--- Aim of the task ---
Counting the line with "Diavolina cenerentolo ash" as the last one, copy out the lines of the data exactly from the first onward.

--- Data supplied ---
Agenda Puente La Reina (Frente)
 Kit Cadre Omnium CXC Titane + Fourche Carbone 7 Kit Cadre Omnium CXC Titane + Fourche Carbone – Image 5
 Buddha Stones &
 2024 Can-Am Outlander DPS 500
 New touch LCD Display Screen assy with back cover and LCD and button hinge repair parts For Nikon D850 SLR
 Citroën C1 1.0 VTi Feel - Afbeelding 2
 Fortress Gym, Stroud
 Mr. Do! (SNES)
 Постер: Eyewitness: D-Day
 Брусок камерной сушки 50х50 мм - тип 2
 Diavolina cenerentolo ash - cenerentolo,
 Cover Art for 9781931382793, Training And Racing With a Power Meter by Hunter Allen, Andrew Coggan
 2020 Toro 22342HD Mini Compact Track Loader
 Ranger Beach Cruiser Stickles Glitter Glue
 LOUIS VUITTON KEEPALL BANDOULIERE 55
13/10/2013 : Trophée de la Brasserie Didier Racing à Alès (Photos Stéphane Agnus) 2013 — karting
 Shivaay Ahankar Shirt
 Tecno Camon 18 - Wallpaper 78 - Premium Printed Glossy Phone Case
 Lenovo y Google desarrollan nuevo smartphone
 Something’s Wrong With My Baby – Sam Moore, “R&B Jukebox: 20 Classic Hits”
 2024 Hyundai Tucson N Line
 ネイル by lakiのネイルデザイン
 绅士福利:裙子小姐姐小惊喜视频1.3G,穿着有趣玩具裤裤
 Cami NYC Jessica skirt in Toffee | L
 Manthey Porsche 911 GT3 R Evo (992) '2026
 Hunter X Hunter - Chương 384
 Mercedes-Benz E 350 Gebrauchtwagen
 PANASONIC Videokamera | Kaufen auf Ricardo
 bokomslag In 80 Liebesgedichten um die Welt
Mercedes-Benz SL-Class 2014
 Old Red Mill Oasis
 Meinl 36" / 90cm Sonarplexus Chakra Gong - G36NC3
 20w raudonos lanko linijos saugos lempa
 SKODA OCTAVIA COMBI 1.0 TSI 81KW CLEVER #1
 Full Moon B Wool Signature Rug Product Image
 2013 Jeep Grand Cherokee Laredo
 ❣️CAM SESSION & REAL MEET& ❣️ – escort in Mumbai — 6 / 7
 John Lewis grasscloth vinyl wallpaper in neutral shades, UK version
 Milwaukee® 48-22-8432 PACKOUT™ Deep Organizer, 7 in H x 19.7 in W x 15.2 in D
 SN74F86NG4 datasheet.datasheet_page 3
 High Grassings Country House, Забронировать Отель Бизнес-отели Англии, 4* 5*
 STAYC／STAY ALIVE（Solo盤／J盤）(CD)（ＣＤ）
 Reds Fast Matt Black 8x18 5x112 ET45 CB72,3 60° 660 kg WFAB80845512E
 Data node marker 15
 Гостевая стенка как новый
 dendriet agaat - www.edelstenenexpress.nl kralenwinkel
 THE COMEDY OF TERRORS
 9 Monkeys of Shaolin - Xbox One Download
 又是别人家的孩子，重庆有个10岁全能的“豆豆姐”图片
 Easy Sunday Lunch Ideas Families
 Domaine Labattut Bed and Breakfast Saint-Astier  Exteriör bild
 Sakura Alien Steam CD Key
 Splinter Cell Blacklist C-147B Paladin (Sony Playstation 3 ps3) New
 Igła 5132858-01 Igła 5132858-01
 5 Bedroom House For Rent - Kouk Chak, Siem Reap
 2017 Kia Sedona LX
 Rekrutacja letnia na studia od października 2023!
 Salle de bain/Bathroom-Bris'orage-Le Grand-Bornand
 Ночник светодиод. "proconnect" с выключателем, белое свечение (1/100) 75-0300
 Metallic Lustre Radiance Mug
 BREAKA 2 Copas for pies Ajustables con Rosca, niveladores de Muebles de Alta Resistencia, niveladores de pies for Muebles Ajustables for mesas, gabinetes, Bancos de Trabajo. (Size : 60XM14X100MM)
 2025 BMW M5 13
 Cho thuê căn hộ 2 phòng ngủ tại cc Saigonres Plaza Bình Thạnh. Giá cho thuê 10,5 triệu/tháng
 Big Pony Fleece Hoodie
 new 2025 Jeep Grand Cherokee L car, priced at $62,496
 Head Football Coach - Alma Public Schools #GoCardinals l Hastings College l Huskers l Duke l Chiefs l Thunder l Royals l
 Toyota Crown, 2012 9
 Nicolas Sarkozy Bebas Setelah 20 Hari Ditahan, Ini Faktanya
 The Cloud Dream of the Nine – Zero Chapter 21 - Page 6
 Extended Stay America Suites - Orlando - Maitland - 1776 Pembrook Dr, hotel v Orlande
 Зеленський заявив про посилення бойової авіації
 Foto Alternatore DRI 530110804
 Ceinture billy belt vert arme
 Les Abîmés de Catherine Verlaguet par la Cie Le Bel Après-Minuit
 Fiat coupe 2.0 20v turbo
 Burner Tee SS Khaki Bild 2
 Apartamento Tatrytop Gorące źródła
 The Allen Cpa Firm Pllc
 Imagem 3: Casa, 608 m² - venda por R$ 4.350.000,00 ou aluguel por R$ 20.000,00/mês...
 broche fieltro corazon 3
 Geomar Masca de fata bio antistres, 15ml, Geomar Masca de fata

--- Result for this task ---
Agenda Puente La Reina (Frente)
 Kit Cadre Omnium CXC Titane + Fourche Carbone 7 Kit Cadre Omnium CXC Titane + Fourche Carbone – Image 5
 Buddha Stones &
 2024 Can-Am Outlander DPS 500
 New touch LCD Display Screen assy with back cover and LCD and button hinge repair parts For Nikon D850 SLR
 Citroën C1 1.0 VTi Feel - Afbeelding 2
 Fortress Gym, Stroud
 Mr. Do! (SNES)
 Постер: Eyewitness: D-Day
 Брусок камерной сушки 50х50 мм - тип 2
 Diavolina cenerentolo ash - cenerentolo,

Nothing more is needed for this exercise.